Заработная плата и образ жизни рабочих
Заработная плата
Промышленная революция привела к понижению уровня и качества жизни значительной части фабричного пролетариата. В бедственном положении, находились, например, английские рабочие, покинувшие деревню и вынужденные от безвыходности положения соглашаться на любые условия заводского труда. В одном из описаний, появившемся в 1851 г., говорится: «Как, например, живет рабочий народ в Манчестере? Рабочие, занятые на хлопчатобумажных фабриках, встают в 5 часов утра, работают на фабрике с 6 до 8 часов, потом… пьют жидкий чай или кофе с небольшим количеством хлеба… и вновь работают до 12 часов, когда дается часовой перерыв на обед, состоящий обычно из вареного картофеля у тех, кто получает низшую заработную плату… Те, кто получает высшую заработную плату, присоединяют к этому мясо – по крайней мере, три раза в неделю. По окончании обеда они вновь работают на фабрике до 7 часов вечера или позже, затем вновь пьют чай, часто с примесью спирта и с небольшим количеством хлеба. А некоторые второй раз едят вечером картофель или овсянку… Питающееся таким образом население живет скученной массой в домах, отделенных узкими, немощеными, зараженными улицами, в атмосфере, пропитанной дымом и испарением большого мануфактурного города. А в мастерских они работают в течение 12 часов в день в расслабляющей, разгоряченной атмосфере, часто насыщенной пылью от хлопка, с нечистым воздухом от постоянного дыхания или от других причин, – будучи при этом заняты делом, поглощающим внимание и требующим неослабной затраты физической энергии в соперничестве с математической точностью, беспрестанным движением и неистощимой силою машины… Домашним хозяйством рабочие пренебрегают, домашний уют им неизвестен…, помещения грязны, неуютные, непроветривающиеся, сырые… В знаменитом морском порте Ливерпуле, прославленном по всему свету за величину и богатство, от 35 до 40 тысяч населения живет ниже уровня почвы – в погребах, не имеющих вовсе стока… Таковы условия, в которых живет беднейший, низший класс городского населения. Хотя было бы ошибочным думать, что все рабочие живут в таких же условиях, как эти несчастные, однако, еще большей ошибкой было бы предположение, что масса народа принимает участие в том, что обычно считается за “улучшения нашего времени”»[202].

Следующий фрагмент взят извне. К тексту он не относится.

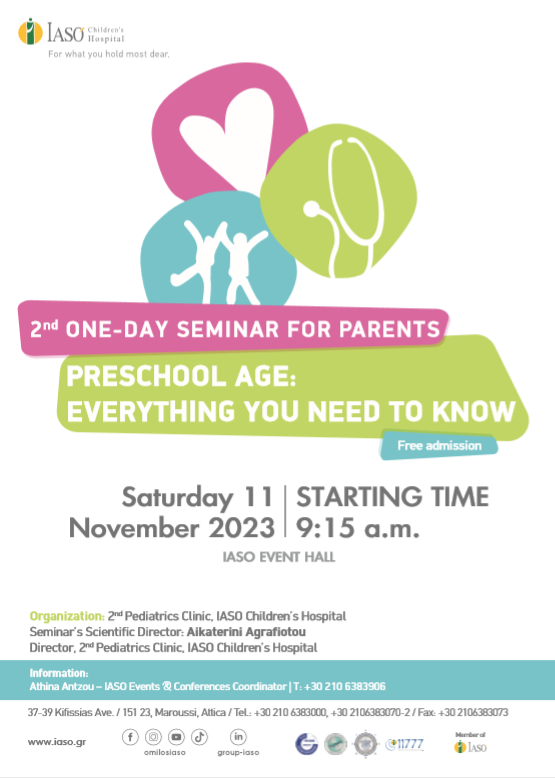 2nd One-Day Seminar of IASO Children’s Hospital for Parents on the topic "Preschool Age: Everything you need to know" 2nd One-Day Seminar of IASO Children’s Hospital for Parents on the topic "Preschool Age: Everything you need to know"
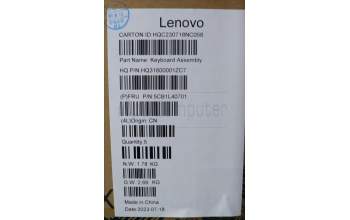 Lenovo 5CB1L40701 C-Abdeckung mit Tastatur, Spanisch, Aquamarinblau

Данное описание условий работы и быта промышленных рабочих не нуждается в комментариях, но замечание о том, что не все рабочие жили подобным образом, весьма характерно.
Никогда рабочий класс не представлял собой гомогенную, т. е. однородную, массу, наоборот, образовывал сложную иерархи-зированную структуру, отдельные части которой находились в неодинаковом социальном положении и оплачивались по-разному в зависимости от вида и сложности работы. На металлургических заводах Фуршамбо во Франции разница между высшей и низшей заработной платой достигала десятикратной величины. Когда после 1760 г. в Англии широко распространилось ручное механическое ткачество, заработная плата ткачей выросла настолько, что они заважничали, гуляли по улицам с тросточкой в руке и 5-фунтовой денежной купюрой, демонстративно заткнутой за бант шляпы. В одежде ткачи стали подражать буржуа и не позволяли рабочим других профессий входить в залы таверн, где они собирались.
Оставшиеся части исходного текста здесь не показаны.